Within the listing that follows, reproduce exactly the lines starting at the line with "House Doctor Mano" and ending at the line with "Treehut, Nature, Birds, Silence", inclusive, and only those. Pictures are dropped.

→ **DATA SHOWN**:
════════════════
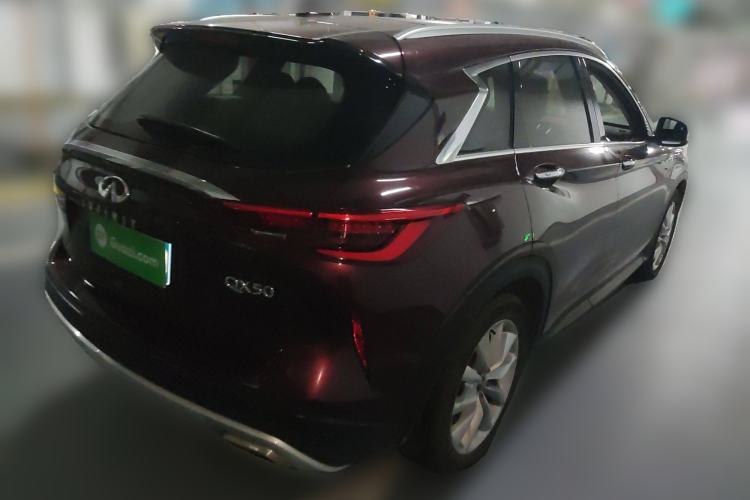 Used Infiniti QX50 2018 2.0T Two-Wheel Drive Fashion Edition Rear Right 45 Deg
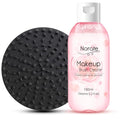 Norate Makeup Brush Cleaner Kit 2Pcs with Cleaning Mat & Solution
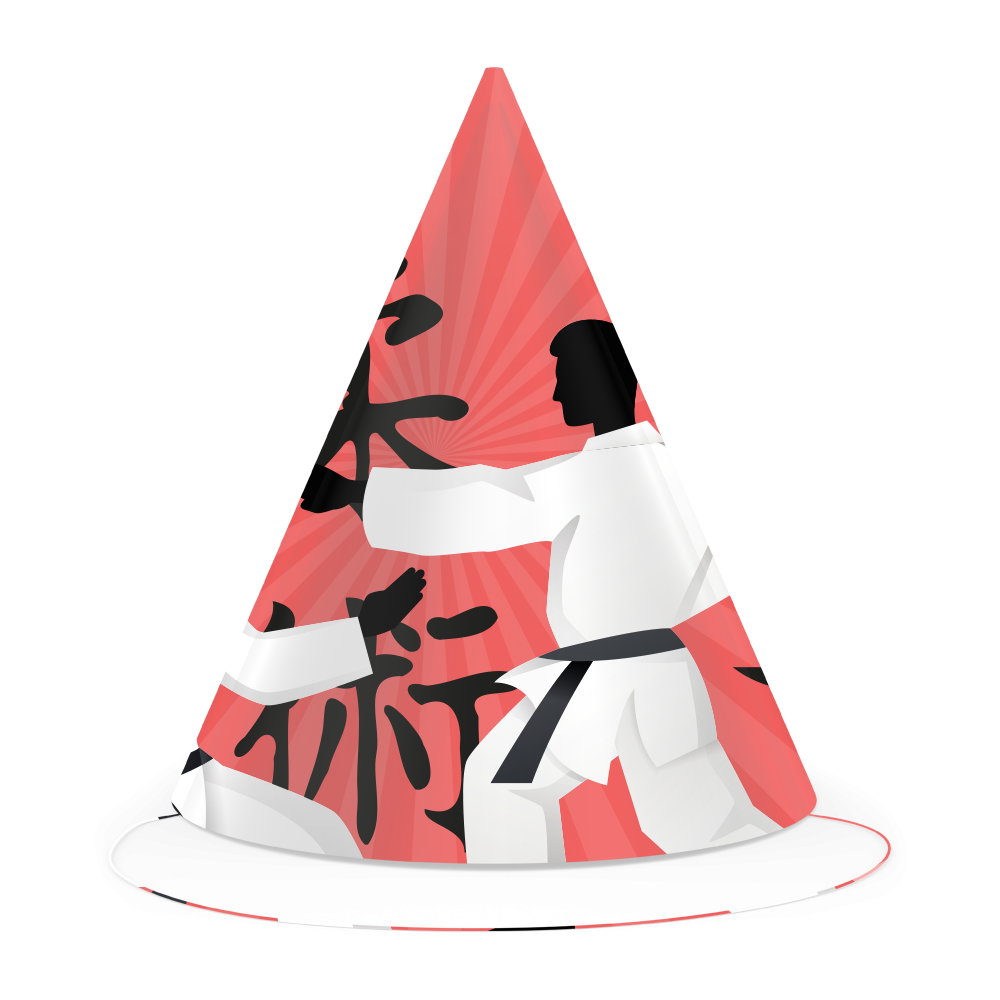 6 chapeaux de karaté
════════════════
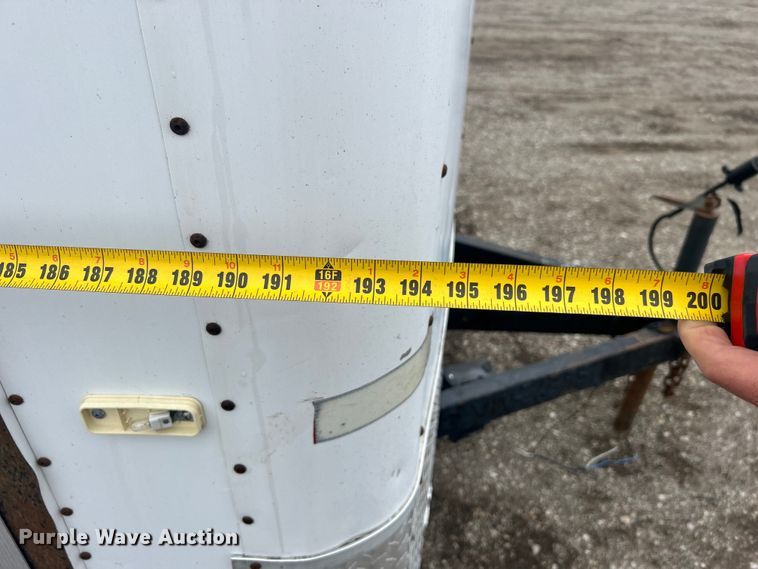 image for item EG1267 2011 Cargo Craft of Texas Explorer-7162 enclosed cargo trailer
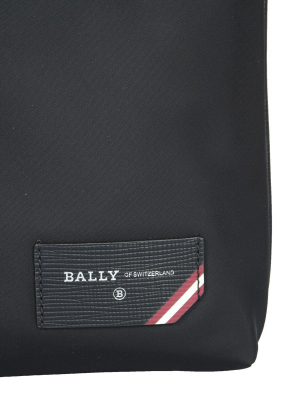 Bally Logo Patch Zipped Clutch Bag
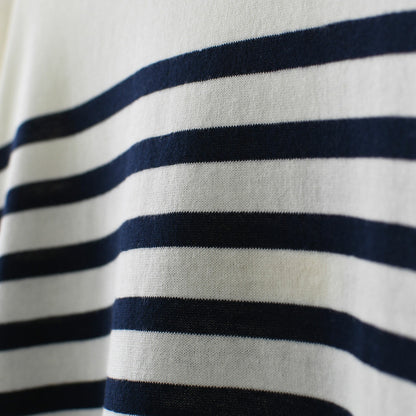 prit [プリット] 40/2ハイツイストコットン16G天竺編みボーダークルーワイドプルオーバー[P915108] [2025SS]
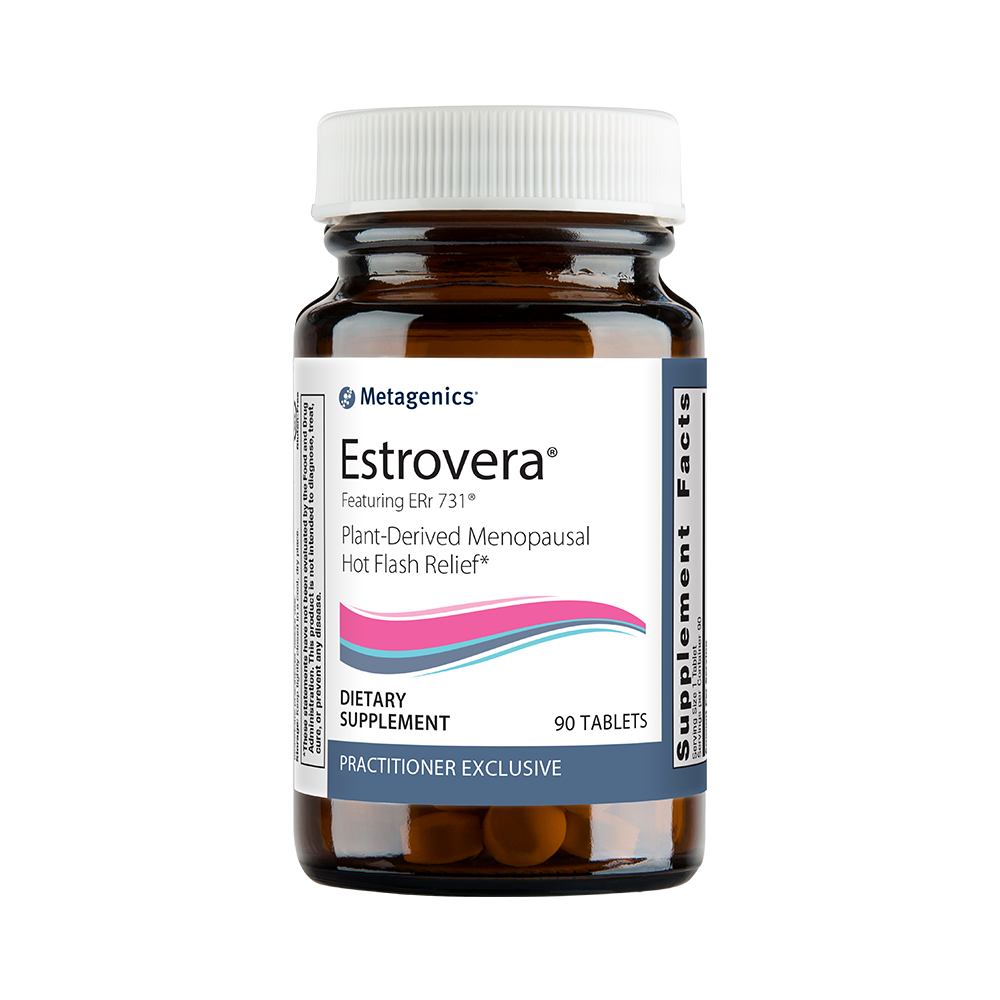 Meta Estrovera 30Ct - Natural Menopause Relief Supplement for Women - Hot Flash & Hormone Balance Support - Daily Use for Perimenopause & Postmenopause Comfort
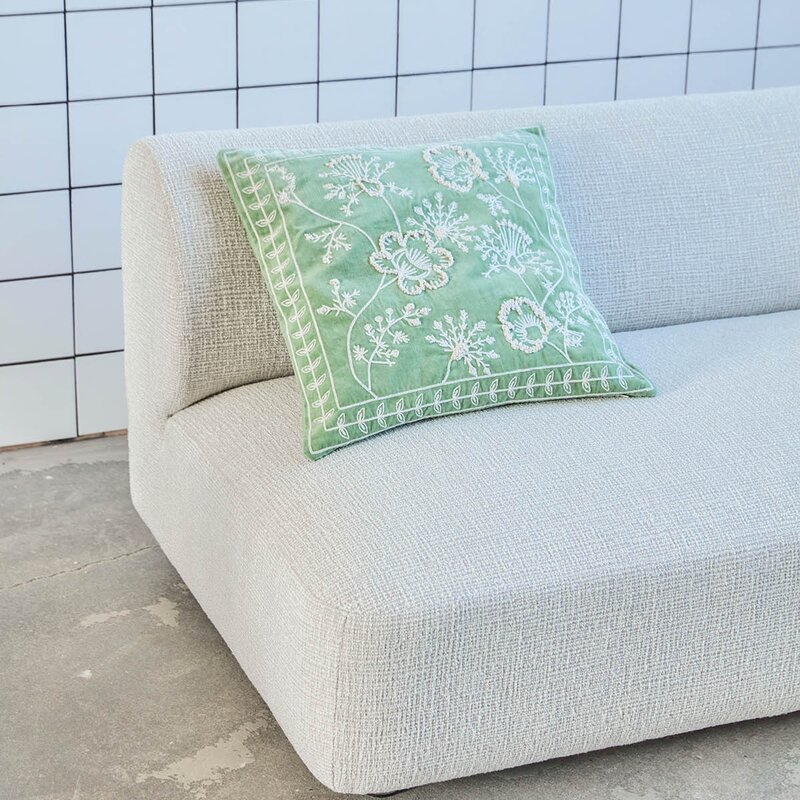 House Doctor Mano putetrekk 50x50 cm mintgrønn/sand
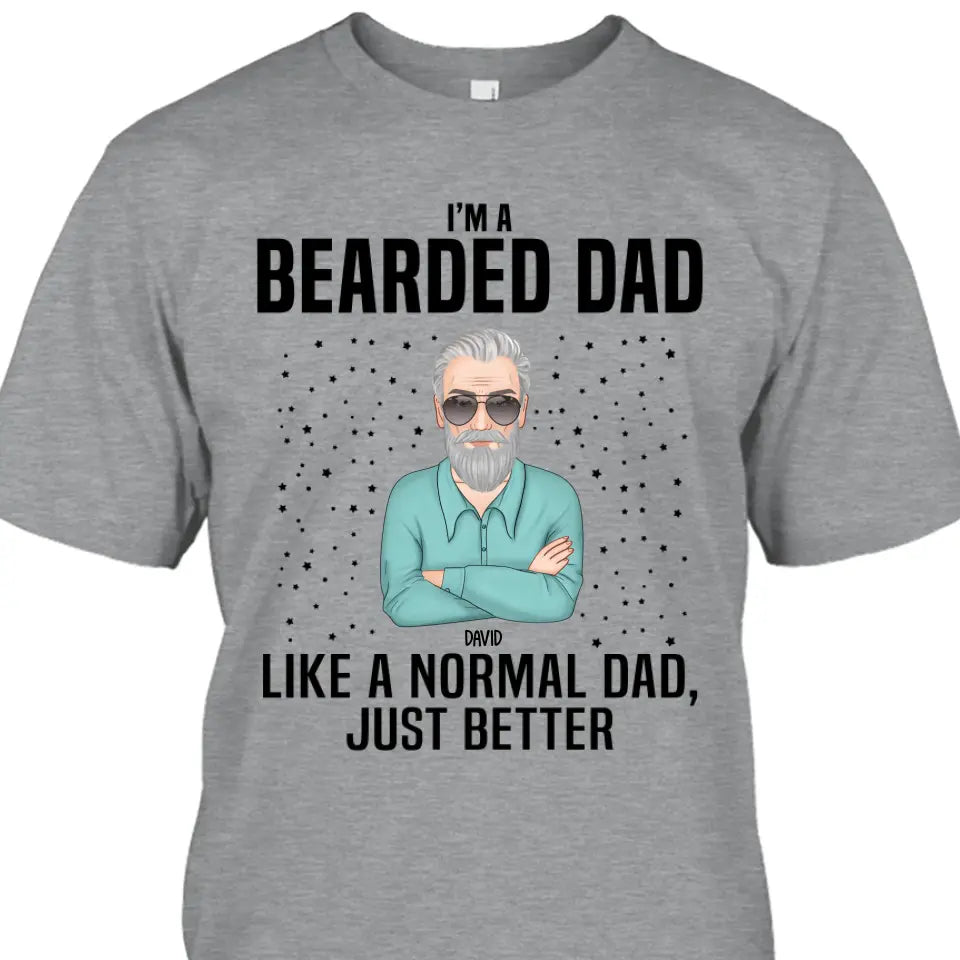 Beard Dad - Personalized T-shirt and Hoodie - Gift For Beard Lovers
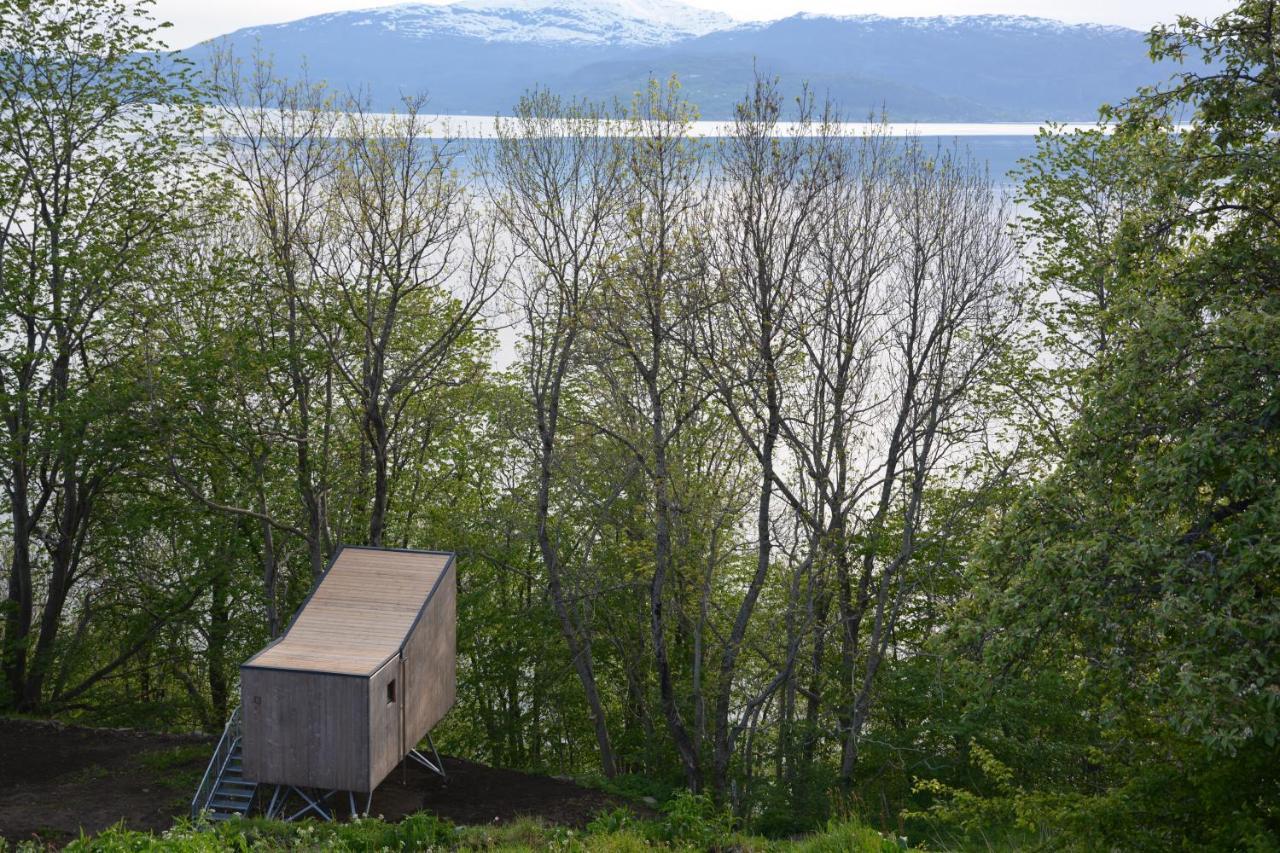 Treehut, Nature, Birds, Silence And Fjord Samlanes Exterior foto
════════════════
→ **COMPLETED EXERCISE**:
 House Doctor Mano putetrekk 50x50 cm mintgrønn/sand
 Beard Dad - Personalized T-shirt and Hoodie - Gift For Beard Lovers
 Treehut, Nature, Birds, Silence And Fjord Samlanes Exterior foto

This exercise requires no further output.